Deinococcus radiodurans is an organism some genomics researchers are focusing on because of its remarkable DNA repair abilities. (Photo courtesy of Michael Daly, Uniformed Services University of the Health Sciences, Bethesda, Md.)

Making Sense of Genomic Data

Reality checking also applies to monitoring—and interpreting—other channels through which the flood of genomic information now pours. As databases cascade, it is time to step back and question whether everything being said about them is true, says Jonathan Eisen of TIGR. For instance, he questions numerous claims based on genomic analyses of frequent horizontal gene transfers, in which a gene or genes from one species supposedly moved into another. According to the International Genome Sequencing Consortium, hundreds of human genes appear to have been transferred horizontally from bacteria throughout evolution. "I do not believe there is any good evidence that it has occurred," Eisen says.

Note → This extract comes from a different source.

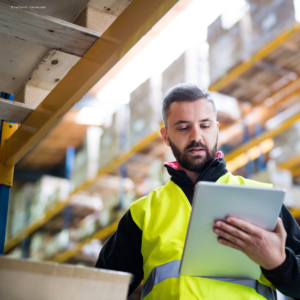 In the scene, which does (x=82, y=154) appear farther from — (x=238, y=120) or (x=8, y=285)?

The methods used to infer horizontal gene transfer are ambiguous and lack sound scientific proof, according to Eisen. Those methods include analyses for detecting unusual distribution patterns of genes, high sequence similarities in genomic segments from distantly related species, and other unusual patterns of evolution. "These methods should not be used to infer horizontal gene transfer," he argues, noting that the same results could be obtained through gene losses, variation in evolutionary rates, plasmid contamination, limitations inherent in BLAST analysis, or by using incomplete genome data. In samples as large as entire genomes, unusual patterns are expected to occur by chance alone. "But we have no idea how frequently," he says. Genomic researchers need to design computer simulations of model systems to determine the probability of horizontal gene transfer, then devise unequivocal methods for detecting them. "I hope people in the future think much more carefully about inferring horizontal gene transfer," he says.

Another challenging hurdle for those interpreting genomic information is to relate DNA sequence data to protein function (also, see box, p. 272). For example, Barbara Methe of TIGR is studying psychrophilic (cold-loving) Colwellia sp. 348, which was collected in the ocean off Greenland. Although much of the earth is colonized by such psychrophiles, which grow below 20șC, little is known about how their enzymes function at near-freezing temperatures. Psychrophiles hold potential applications for the manufacturing of detergents, food processing, and drug manufacturing.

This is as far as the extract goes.